Faktor risiko untuk perkembangan amiloidosis dievaluasi dalam suatu survei yang
mengumpulkan data dari 14 negara pada kasus FMF yang terkonfirmasi secara genetik.
Prevalensi amiloidosis renal pada pasien-pasien tersebut sebesar 11,4%. Negara yang
direkrut, negara-negara Armenia, Turki, dan Arab, menunjukkan risiko tertinggi amiloidosis
akibat homozigositas untuk M694V. Laju mortalitas bayi, yang dapat digunakan sebagai
indikator proksi yang sensitif untuk kesehatan dan higienitas populasi, berkorelasi dengan
risiko amiloidosis, menunjukkan suatu dampak lingkungan pada perkembangan amiloidosis.
Data-data tersebut diperkuat dengan fakta bahwa seeprtiga pasien yang tinggal di negara
dengan risiko amiloidosis renal yang lebih rendah (Israel dan negara lain termasuk AS) yaitu
Arab, Turki, atau Armenia, yang merupakan kelompok etnis yang berasal dari negara
berisiko tingggi. Faktor lain yang berkaitan dengan risiko munculnya AA amiloidosis yaitu
varian alel pada gen SAA1 yang mengkode SAA. Perburukan deposit amiloid teramati pada
pasien dengan median 28mg per liter dan regresi deposit amiloid terlihat pada 60% pasien
dengan median konsentrasi SAA kurang dari 10mg per liter.

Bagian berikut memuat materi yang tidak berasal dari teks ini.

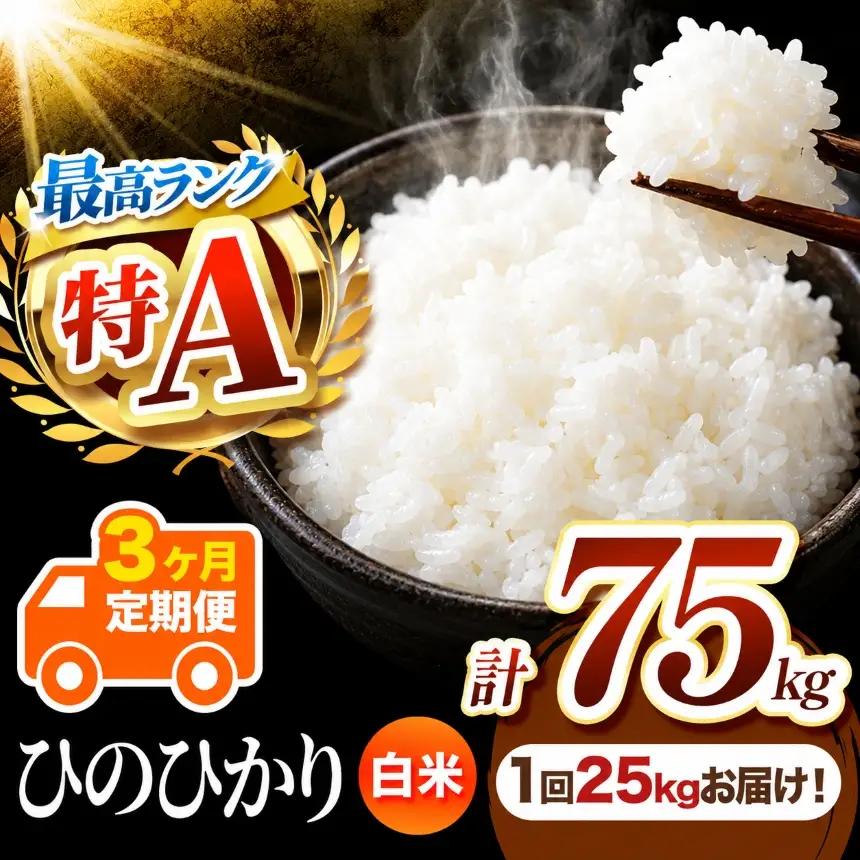 【 定期便 3回 】 R7年産 熊本県産 白米 ひのひかり 25kg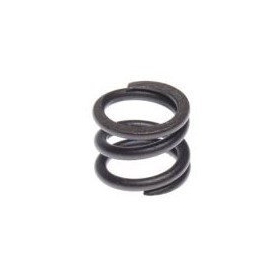Timing spring SHINERAY ATV250 STXE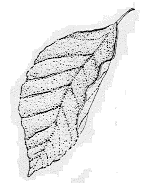 f0100920_7443852.gif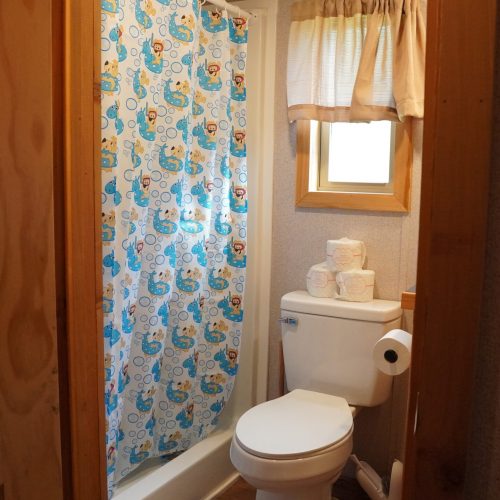 Lakeview-Cindy-Bear-bath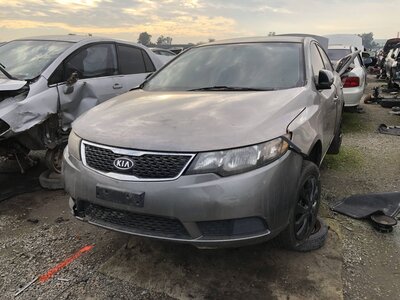 Catalog item FRE110278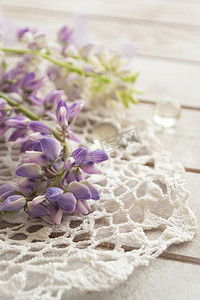 白色背景上带有复古花边的紫色羽扇豆花。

Tatalaksana dan Pencegahan

Antipiretik biasanya diberikan selama serangan febril akut untuk menurunkan demam dan
mencegah berkembangnya kejang demam. Kokisin merupakan terapi lini pertama dan sangat
efektif sebagai terapi pada kebanyakan pasien untuk mencegah amiloidosis. Penggunaan
harian kolkisin memberikan remisi yang hampir lengkap pada tiga perempat pasien pasien,
dengan 95% menyatakan perbaikan yang signifikan. Akhir-akhir ini, diketahui terdapat
kemiripan antara pasien simtomatik yang mempersentasikan dengan mutasi tunggal ataupun
ganda. Pasien dengan hanya satu mutasi namun penyakit tipikal memerlukan dan berespon
terhadap terapi dengan kolkisin. Dosisi kolkisin oral harian sebesar 1,2-1,8mg diperlukan
untuk memberikan efek klinis pada dewasa atau anak di atas 5 tahun, serta anak yang lebih
muda dapat diterapi dengan dosis yang lebih rendah. Umumnya, kolkisin menyebabkan diare,
namun titrasi dosis dengan peningkatan secara bertahap membantu untuk mengatasi masalah
ini. Kembung dan nyeri abdomen dapat pula diebabkan intoleransi laktosa yang mungkin
muncul pada pasien dengan terapi kolkisin. Pasien yang tua atau dengan gangguan ginjal
yang diberikan terapi kolkisin dapat mengalami myopati atau neuropati. Pada pasien dengan
penyakit yang menetap, IL-1 dan terapi TNF-blocking digunakan untuk mengatasi penyakit.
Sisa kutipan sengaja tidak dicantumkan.